I'm sure it's a fascinating video but that just makes me laugh. I honestly have no idea what the sales figures were but I remember seeing this in Best Buy as a kid and everyone knew, "that thing is shit..."

Back then it was all Sega/Nintendo, obviously. Most kids in my town knew that anything else would likely suck. Notable exception was the TG-16 but was super rare in my parts. Neo Geo too. That thing was legendary. Never played one in real life though, only heard stories from people about how expensive and big the games were. It was spoke about in hushed tones almost, "Dave has a neo geo!...Oh wow, isn't his dad a chiropractor??...Yea, he's super loaded, lives next to Britney, the house with the gorilla statue in the yard....I heard there were cameras in the gorilla's eyes...."
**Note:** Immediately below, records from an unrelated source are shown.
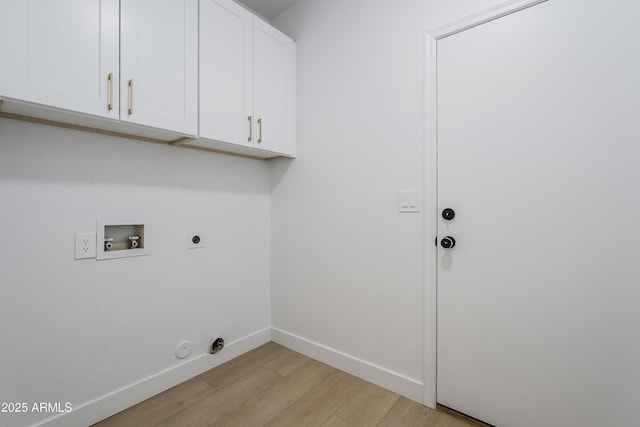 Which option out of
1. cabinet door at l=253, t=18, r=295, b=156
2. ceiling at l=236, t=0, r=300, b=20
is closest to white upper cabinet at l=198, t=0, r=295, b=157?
cabinet door at l=253, t=18, r=295, b=156

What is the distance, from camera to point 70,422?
136cm

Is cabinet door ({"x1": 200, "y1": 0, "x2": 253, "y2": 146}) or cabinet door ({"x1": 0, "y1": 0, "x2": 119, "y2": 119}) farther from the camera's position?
cabinet door ({"x1": 200, "y1": 0, "x2": 253, "y2": 146})

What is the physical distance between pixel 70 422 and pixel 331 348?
1.46 m

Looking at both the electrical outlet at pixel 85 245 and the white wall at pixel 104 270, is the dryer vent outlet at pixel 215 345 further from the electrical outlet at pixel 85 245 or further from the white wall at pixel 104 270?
the electrical outlet at pixel 85 245

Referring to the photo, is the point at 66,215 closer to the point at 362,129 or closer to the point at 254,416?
→ the point at 254,416

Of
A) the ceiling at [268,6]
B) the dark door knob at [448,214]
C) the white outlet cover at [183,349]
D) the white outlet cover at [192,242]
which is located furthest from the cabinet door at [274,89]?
the white outlet cover at [183,349]

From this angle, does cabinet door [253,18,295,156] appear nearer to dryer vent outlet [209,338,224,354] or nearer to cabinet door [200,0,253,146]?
cabinet door [200,0,253,146]

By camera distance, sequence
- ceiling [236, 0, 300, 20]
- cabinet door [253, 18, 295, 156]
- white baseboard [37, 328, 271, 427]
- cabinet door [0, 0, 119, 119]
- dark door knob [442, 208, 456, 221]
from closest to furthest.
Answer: cabinet door [0, 0, 119, 119], white baseboard [37, 328, 271, 427], dark door knob [442, 208, 456, 221], cabinet door [253, 18, 295, 156], ceiling [236, 0, 300, 20]

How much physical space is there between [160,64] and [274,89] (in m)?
0.79

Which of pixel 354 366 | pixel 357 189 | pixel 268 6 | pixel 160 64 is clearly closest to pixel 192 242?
pixel 160 64

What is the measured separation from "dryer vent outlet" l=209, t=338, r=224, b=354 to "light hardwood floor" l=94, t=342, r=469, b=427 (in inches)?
5.2

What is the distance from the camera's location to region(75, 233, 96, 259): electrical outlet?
141 cm

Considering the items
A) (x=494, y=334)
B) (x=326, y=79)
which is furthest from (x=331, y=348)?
(x=326, y=79)

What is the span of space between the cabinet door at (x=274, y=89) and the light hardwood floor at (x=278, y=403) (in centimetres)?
157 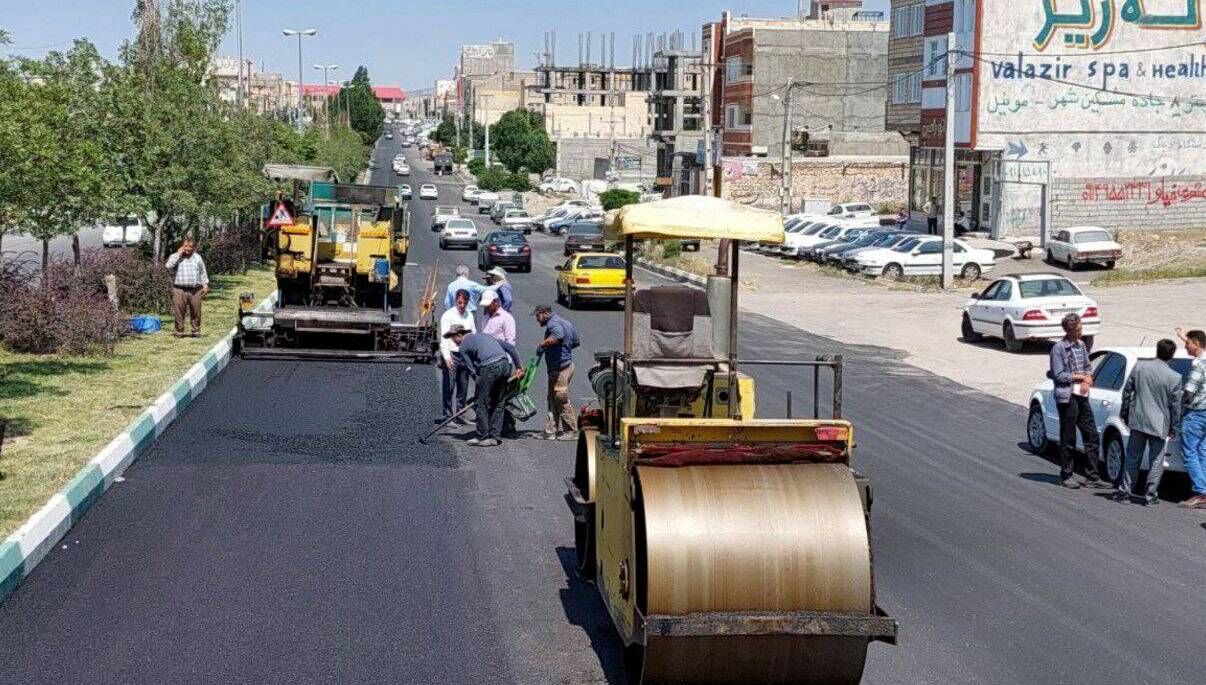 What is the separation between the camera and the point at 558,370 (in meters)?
16.3

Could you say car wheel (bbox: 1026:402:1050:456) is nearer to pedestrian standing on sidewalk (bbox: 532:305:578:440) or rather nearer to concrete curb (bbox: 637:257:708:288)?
pedestrian standing on sidewalk (bbox: 532:305:578:440)

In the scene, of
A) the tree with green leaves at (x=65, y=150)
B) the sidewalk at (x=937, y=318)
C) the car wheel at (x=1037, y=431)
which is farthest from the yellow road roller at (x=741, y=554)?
the sidewalk at (x=937, y=318)

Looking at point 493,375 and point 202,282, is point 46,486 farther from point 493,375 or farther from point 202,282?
point 202,282

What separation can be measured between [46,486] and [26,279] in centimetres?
1182

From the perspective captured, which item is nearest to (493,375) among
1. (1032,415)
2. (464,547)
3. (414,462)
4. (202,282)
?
(414,462)

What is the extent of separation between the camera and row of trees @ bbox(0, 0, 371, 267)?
1652 centimetres

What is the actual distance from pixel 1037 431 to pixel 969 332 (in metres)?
11.9

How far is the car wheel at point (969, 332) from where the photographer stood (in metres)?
27.9

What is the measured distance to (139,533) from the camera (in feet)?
37.8

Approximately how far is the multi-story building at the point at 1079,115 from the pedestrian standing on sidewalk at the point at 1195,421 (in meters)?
41.0

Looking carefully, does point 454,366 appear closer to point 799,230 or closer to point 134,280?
point 134,280

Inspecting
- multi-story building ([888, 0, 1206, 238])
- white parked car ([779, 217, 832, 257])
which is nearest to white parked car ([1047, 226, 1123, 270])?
multi-story building ([888, 0, 1206, 238])

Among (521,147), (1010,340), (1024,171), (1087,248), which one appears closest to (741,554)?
(1010,340)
Actual conversation from back then.
 

Mr Hyde

Member
3DO was a overpriced fucking piece of shit. It died because of Trip Hawkins hubris, not because it was a misunderstood engineered marvel of a machine. Paying 800 dollars circa 1993 for this garbage console and the only available launch game is Crash n Burn (ironic title, isn't it) is the equivalent of being robbed at gun point in broad daylight by a wheelchair bound stock broker. It's humiliation at its worst.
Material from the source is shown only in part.